Судорога пробежала по губам утопленницы. И вдруг я вспомнил прощальные слова Иамена. Отпустив на минуту ее запястья, я содрал с левого глаза повязку.
Лучше бы не сдирал. Синее, белое и зеленое, смотрело на меня раздувшееся лицо мертвеца. Сквозь прозрачную, выбеленную водой кожу тянулись синяковые линии сосудов. Вместо черных глаз пялились белесые выпученные зенки. Мертвая оскалилась и замычала что‑то невнятное, растянув губы, вывалив распухший огрызок языка. Я взвыл и ломанулся назад, на мелководье. Почти выбрался, рванулся из всех сил — но из воды уже тянулись в помощь навье руки ее сестер, хватали меня за штаны, цеплялись за ножны Наглинга. Судорожно нащупав рукоять, я выхватил меч и вонзил в эту белую, склизкую, водой набухшую плоть. Клинок погрузился с чавканьем, как в тину. Мертвец захрипел. Из раны хлынула водянистая муть. Я потянул Наглинг, однако лезвие перехватили две бледных руки, перехватили, потянули, насаживая тело все глубже. Подводная нечисть заперхала — из глотки у нее с брызгами слюны вылетела маленькая раковина прудовика. И снова напряглись тонкие руки, снова поползло оно, мертвое, по лезвию, поближе, лишь бы ко мне поближе… я отпустил рукоять и кинулся вон из воды. Сзади глухо булькнуло. На четвереньках, на локтях и коленях карабкаясь на берег, я обернулся. Озеро снова было спокойно, словно ничего здесь и не случилось. Размеренно покачивался рогоз. Плясали по воде дождевые капли.
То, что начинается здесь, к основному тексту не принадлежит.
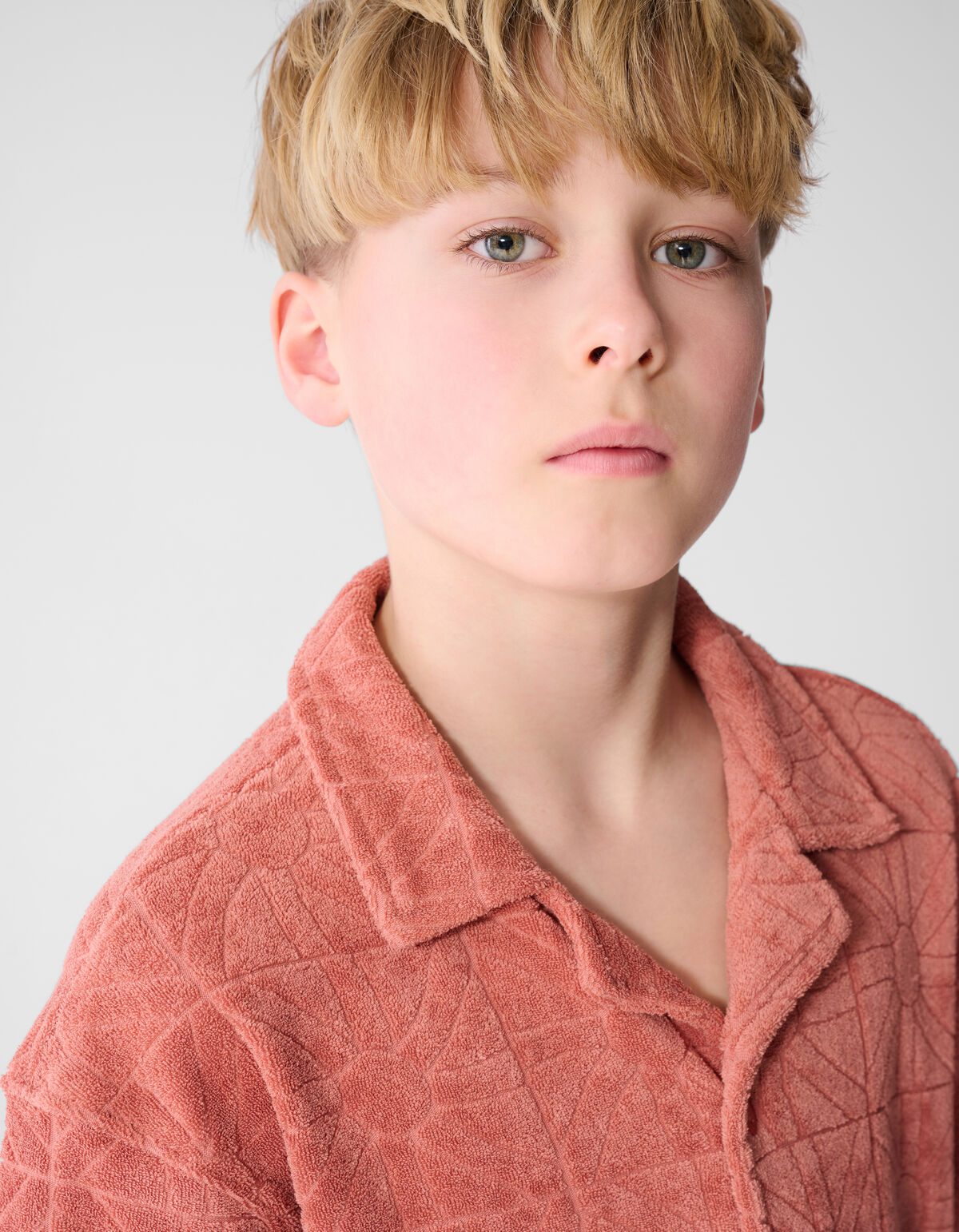 Gewelltes Sonnenhemd Terra SHOEBY BOYS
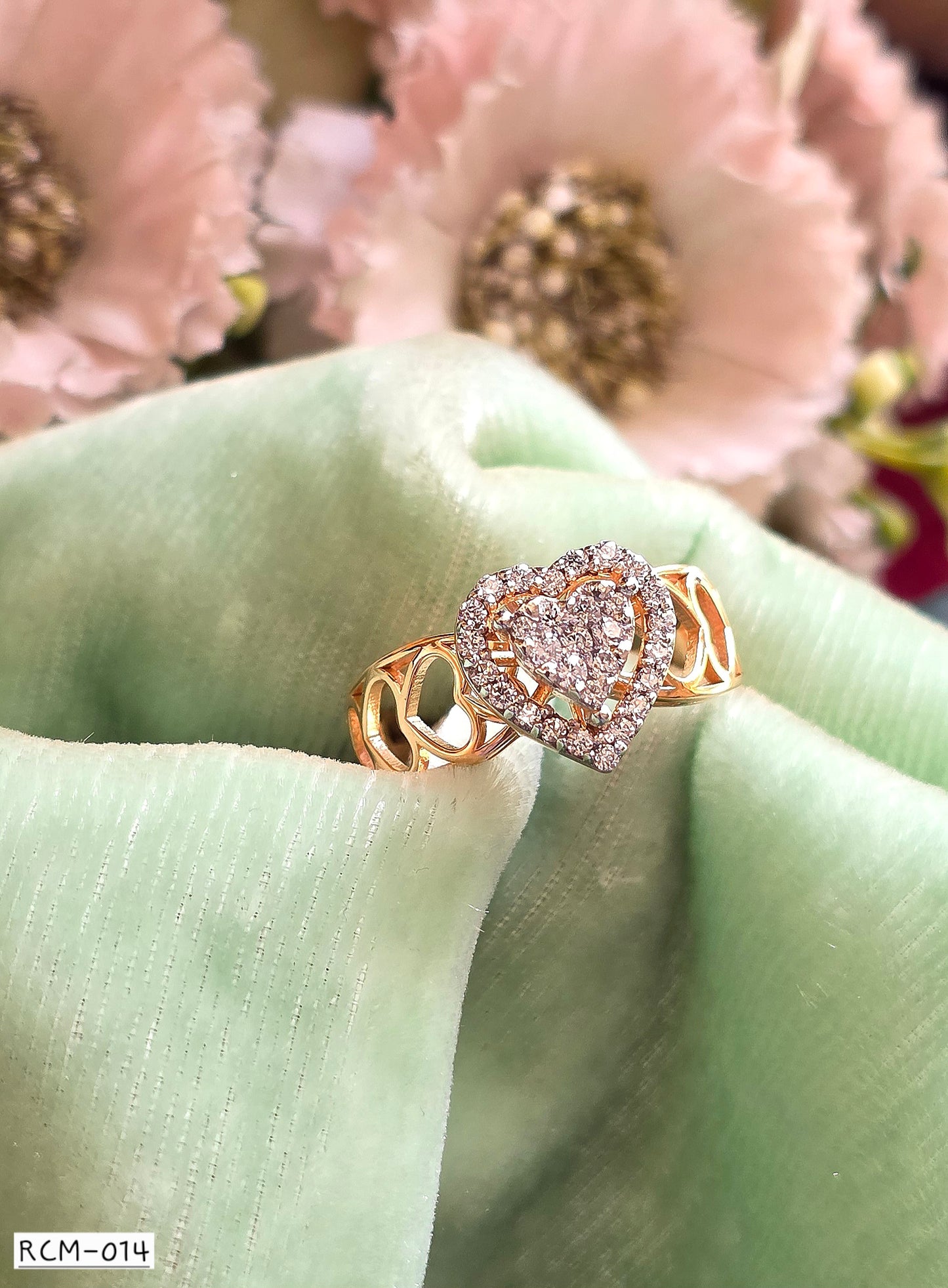 RCM 014 | HEART RING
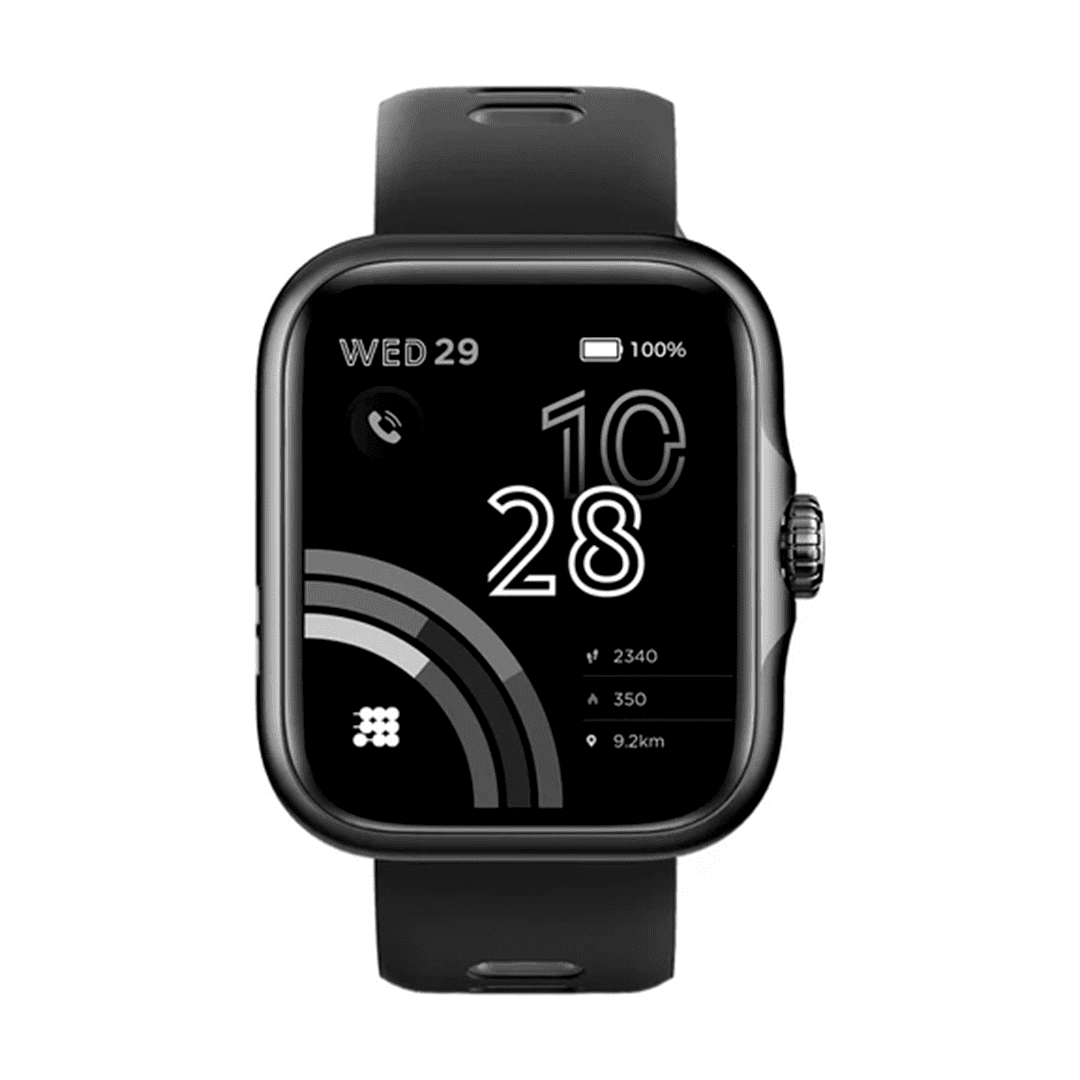 RELOJ CUBITT BK CT-VIVAP1 CON BLUETOOTH NEGRO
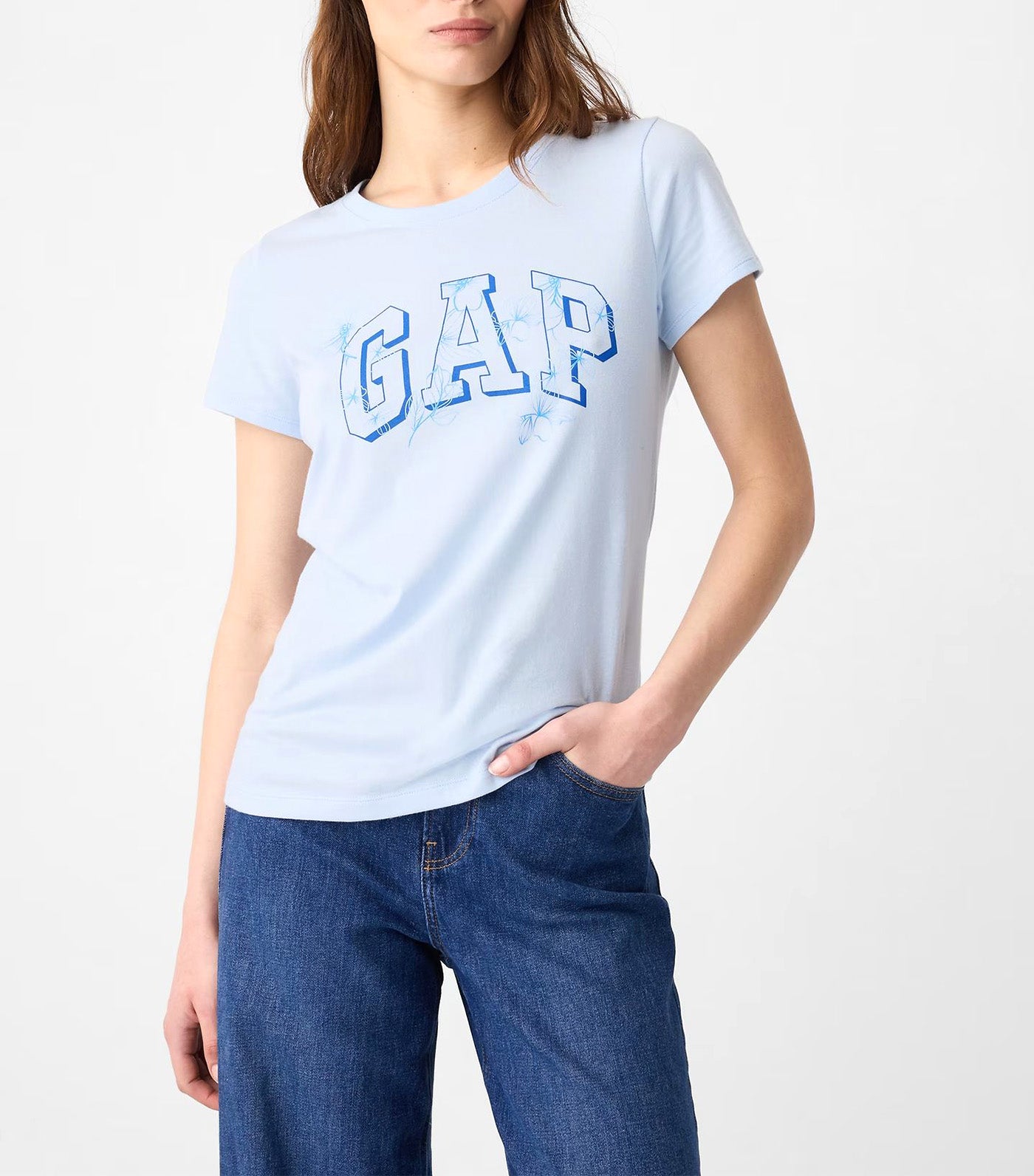 Logo T-Shirt Bicoastal Blue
Пятясь, я отступил от берега, поднялся выше на холм и там плюхнулся на траву. Долго сидел, бездумно отирая тину с ладоней. Вот и нету больше у меня Наглинга. Ничего у меня больше нет.
Спустя некоторое время, выйдя из ступора, я встал, отряхнул штаны и стал карабкаться вверх по холму.
Чем выше, тем гуще делался туман. Что‑то здорово мешало мне, что‑то раздражало, и наконец я понял, в чем дело: левый мой глаз видел блестящую от влаги траву, глаз правый — только косы тумана. Я разжал кулак, в котором все еще была смята черная повязка. И нацепил ее на правый глаз.